Rep. Darrell Issa, the Committee Chairman, has been asking for internal records from the Department of Justice for months, but he says Holder has refused to deliver all of the documents he is requesting.
The records, according to Issa's spokespeople, could reveal which DOJ officials knew about ATF's controversial Fast and Furious case and how high-ranking officials handled the situation as details about the case continued to unfold.
Holder has said the case, in which Phoenix ATF agents failed to track guns as they were passed to criminals from straw buyers, was flawed.
"I had hoped that after this evening's meeting I would be able to tell you that the Department had delivered documents that would justify the postponement of tomorrow's vote on contempt," Issa said.

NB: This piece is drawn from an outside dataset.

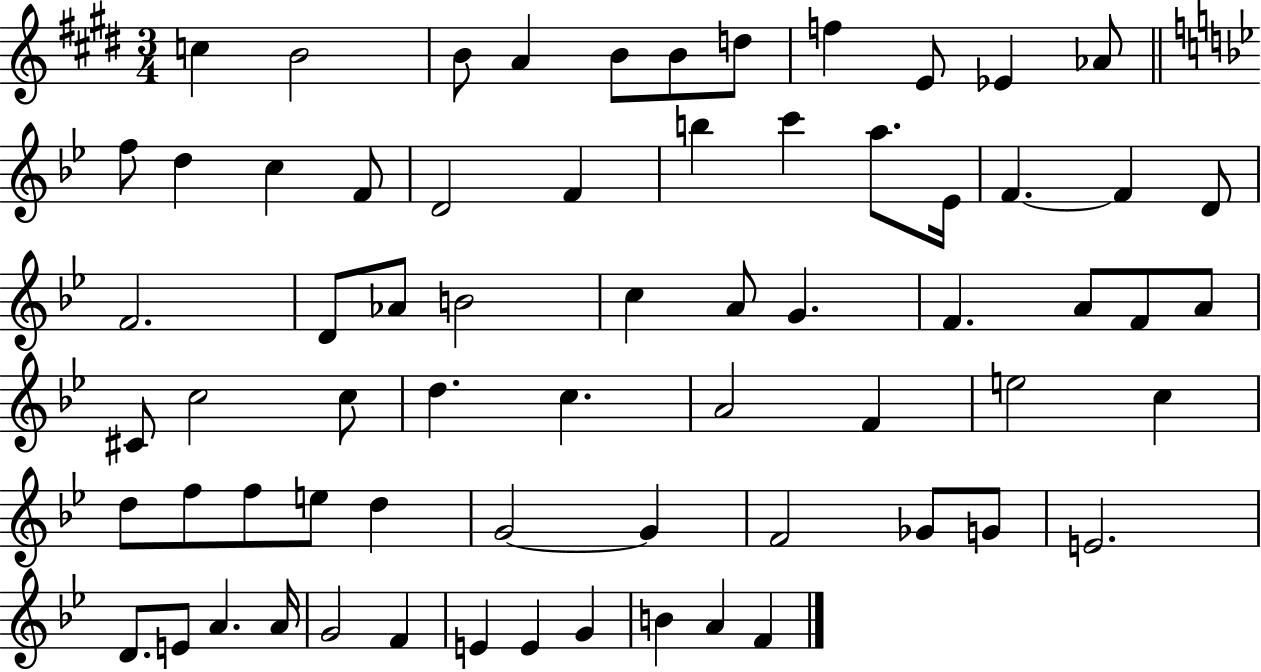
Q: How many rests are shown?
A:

"The Department told the Committee on Thursday that it had documents it could produce that would answer our questions. Today, the Attorney General informed us that the Department would not be producing those documents. The only offer they made involved us ending our investigation," he said.
"The ball is in their court," Holder countered after the meeting. "They rejected what I thought was an extraordinary offer on our part. They have, I guess until they decide. They have the ability to change their minds," he said, accusing Issa of political gamesmanship.
"Deputy AG and I came here today in good faith, wanted to resolve ongoing dispute; have made to date unprecedented number of documents available, provided deliberative materials to committee, laid out plan that might resolve this matter, offered to make documents available from Feb to Dec 2011, at least as of now the committee has rejected that proposal," said Holder, after the meeting.
"It is our hope that we can somehow find a way through this; our offer is still there, still outstanding, far beyond what Justice Department has done previously. We offered the documents that satisfy 2 subpoenas sent to us; emails, documents of that nature, detail how the department handled itself from Feb to Dec. 2011, shows the department made no attempt to deceive," he said.
A vote is scheduled for Wednesday morning.
If the Committee votes in favor of the contempt of Congress action, the issue would next go to the entire House of Representatives for a vote.